Sayın Başbakanımızın geçen yıl Evrensel Aşura Matem Merasimi'ne katılarak bizi onurlandırması, peşinden Necef'ül Eşref'e giderek Hz. Ali Türbesi'ni ziyaret ederek Ayetullah Sistani'yle mülakatları, Şia dünyasında Sayın Başbakanımıza karşı muhteşem bir sevgi oluşturdu. Bu durum yara almadan sürdürülseydi çok güzel şeyler yapılabilirdi. Hem Suriye sorunu bölgeye zarar vermeyek bir şekilde, hem de Bahreyn'deki olaylar BOP'a hizmet etmeyecek bir formülle Başbakanımızın aracılığıyla çözülebilirdi. Başbakanımızın kazandığı o sevginin bu sorunları çözümüne büyük katkısı olacaktı. Ama ne yazık ki hükümetimizin Suriye ile ilgili tavrı ve hükümetimize yakın medyanın tavrı, o sevgiyi biraz örseledi, yaraladı. Orada yansıması da bu yönde oldu.

İnkılaba Erken Doğum Yaptırıldı

Mütercimler: Suriye sorunu ve Bahreyn sorunu dediniz. Sizin sorun diye tanımladığınız nedir?
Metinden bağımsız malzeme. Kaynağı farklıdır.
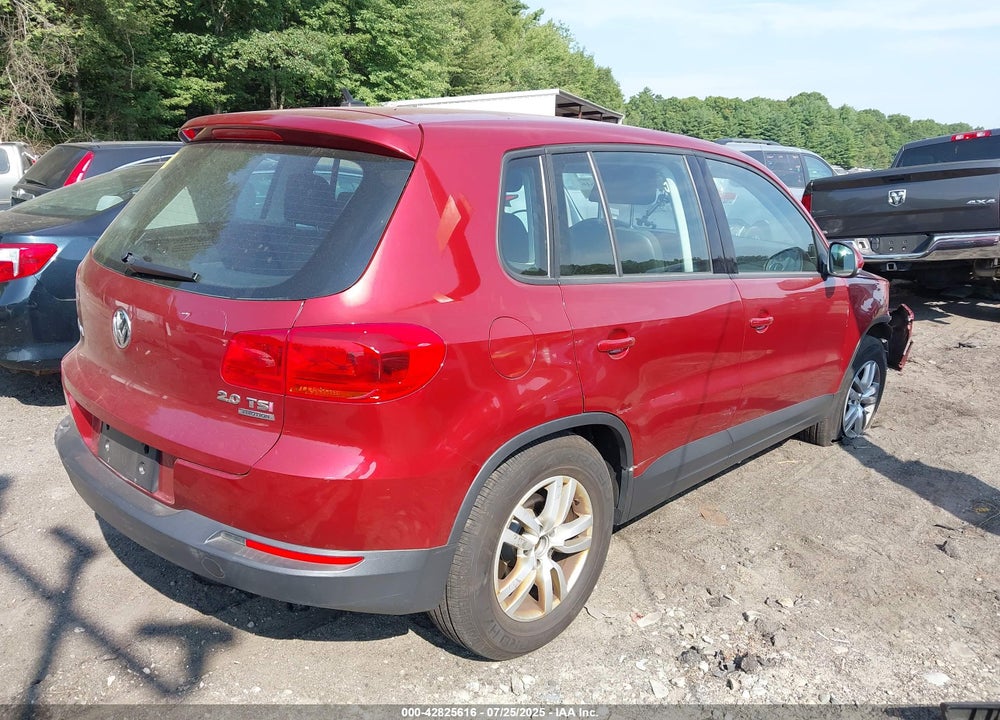 2012 VOLKSWAGEN TIGUAN VIN: WVGBV7AX6CW001360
Özgündüz: Batı tarafından Arap Baharı diye nitelendirilip bize yutturulan bir şey var. İsrail, son Gazze katliamında Ramazan ayında Filistinlilerin başına bomba yağdırıyordu. O zaman Hüsnü Mübarek İsrail'in yanında yer aldı; Filistinlilere kapıları kapattı. Zavallı Gazzeliler yer altından tünellerle Mısır tarafından bir yudum su getirecek. Hüsnü Mübarak soydaşına, dindaşına bu izni bile vermedi. Arap halklarında bu duruma karşı müşiş bir infial vardı. İran İslam İnkılabı'nın da bölgesel etkisiyle devrim bekleniyordu. Amerika bir iki kişiyi feda ederek inkılaba erken doğum yaptırdı. Bahar bunun neresinde bilmiyorum. Şu anda Yemen'de ve Bahreyn'de kan akıyor. Batı bu coğrafyalarda suskun. Bahreyn'de bütün halk bir tarafta, kral ailesi bir taraftadır. Ama Suriye'de görüldüğü gibi on binlere karşı milyonlar... Suriye halkı bu kadar net biçimde Esed'i destekliyorsa bana ancak saygı duymak düşer. Bahreyn'de halkın tamamı -Sünnisiyle, Şiisiyle- bir tarafta, kral ailesi ve onun destekçisi ABD güdümlü Suud ailesi bir tarafta. Orada dünya, insan hakları neden bu kadar suskun?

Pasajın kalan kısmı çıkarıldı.